[WORK REQUIRED]:
Every line from the beginning of the data through the line containing "Trendy Jewelry Set" should be reproduced exactly, and no further lines should be output.

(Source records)
↓↓↓

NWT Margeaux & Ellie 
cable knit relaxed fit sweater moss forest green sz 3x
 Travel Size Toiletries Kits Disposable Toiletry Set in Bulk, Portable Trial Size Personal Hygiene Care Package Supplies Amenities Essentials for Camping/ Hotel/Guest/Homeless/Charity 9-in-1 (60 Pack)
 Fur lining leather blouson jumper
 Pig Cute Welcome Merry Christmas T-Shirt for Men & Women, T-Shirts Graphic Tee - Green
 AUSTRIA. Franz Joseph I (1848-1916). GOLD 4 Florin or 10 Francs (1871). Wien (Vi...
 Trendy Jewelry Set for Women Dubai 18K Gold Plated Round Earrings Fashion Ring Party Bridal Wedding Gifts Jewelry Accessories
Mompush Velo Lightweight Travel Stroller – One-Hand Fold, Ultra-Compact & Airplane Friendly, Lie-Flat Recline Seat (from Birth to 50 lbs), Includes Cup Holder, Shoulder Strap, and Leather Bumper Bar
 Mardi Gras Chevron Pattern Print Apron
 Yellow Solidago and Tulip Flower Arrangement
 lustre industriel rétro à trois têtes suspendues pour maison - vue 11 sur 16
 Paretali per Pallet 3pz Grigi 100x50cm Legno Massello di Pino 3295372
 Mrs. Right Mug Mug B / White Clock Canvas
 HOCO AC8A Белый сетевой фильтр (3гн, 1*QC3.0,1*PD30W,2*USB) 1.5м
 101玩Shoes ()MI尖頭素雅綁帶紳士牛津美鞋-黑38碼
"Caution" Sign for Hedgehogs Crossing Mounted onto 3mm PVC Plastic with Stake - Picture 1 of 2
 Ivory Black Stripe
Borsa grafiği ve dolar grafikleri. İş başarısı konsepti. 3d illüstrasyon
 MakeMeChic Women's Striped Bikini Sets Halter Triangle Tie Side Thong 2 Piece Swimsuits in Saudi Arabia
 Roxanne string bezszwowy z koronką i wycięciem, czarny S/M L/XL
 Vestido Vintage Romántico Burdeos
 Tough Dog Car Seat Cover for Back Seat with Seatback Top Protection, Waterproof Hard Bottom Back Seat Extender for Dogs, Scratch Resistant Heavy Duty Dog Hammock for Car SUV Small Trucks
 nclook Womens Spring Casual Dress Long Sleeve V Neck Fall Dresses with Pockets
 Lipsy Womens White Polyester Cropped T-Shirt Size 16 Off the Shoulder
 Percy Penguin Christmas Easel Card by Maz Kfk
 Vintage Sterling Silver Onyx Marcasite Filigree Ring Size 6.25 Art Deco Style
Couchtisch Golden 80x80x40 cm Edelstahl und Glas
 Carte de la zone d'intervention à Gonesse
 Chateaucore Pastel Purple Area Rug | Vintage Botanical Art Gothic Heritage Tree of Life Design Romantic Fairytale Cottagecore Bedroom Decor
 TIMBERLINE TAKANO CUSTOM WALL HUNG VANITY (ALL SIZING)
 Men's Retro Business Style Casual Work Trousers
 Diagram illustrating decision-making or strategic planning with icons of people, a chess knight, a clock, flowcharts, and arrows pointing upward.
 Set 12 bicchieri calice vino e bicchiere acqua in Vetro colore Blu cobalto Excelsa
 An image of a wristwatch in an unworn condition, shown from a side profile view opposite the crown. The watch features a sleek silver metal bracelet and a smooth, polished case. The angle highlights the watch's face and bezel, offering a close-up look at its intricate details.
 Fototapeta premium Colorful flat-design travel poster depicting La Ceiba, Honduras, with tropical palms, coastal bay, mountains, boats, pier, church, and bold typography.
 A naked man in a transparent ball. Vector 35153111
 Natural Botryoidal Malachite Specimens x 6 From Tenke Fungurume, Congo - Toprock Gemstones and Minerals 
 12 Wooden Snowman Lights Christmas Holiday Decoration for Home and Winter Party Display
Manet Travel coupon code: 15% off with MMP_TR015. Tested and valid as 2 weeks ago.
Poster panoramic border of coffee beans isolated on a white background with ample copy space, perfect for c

↑↑↑

[RESULT FOR THIS TASK]:
NWT Margeaux & Ellie 
cable knit relaxed fit sweater moss forest green sz 3x
 Travel Size Toiletries Kits Disposable Toiletry Set in Bulk, Portable Trial Size Personal Hygiene Care Package Supplies Amenities Essentials for Camping/ Hotel/Guest/Homeless/Charity 9-in-1 (60 Pack)
 Fur lining leather blouson jumper
 Pig Cute Welcome Merry Christmas T-Shirt for Men & Women, T-Shirts Graphic Tee - Green
 AUSTRIA. Franz Joseph I (1848-1916). GOLD 4 Florin or 10 Francs (1871). Wien (Vi...
 Trendy Jewelry Set for Women Dubai 18K Gold Plated Round Earrings Fashion Ring Party Bridal Wedding Gifts Jewelry Accessories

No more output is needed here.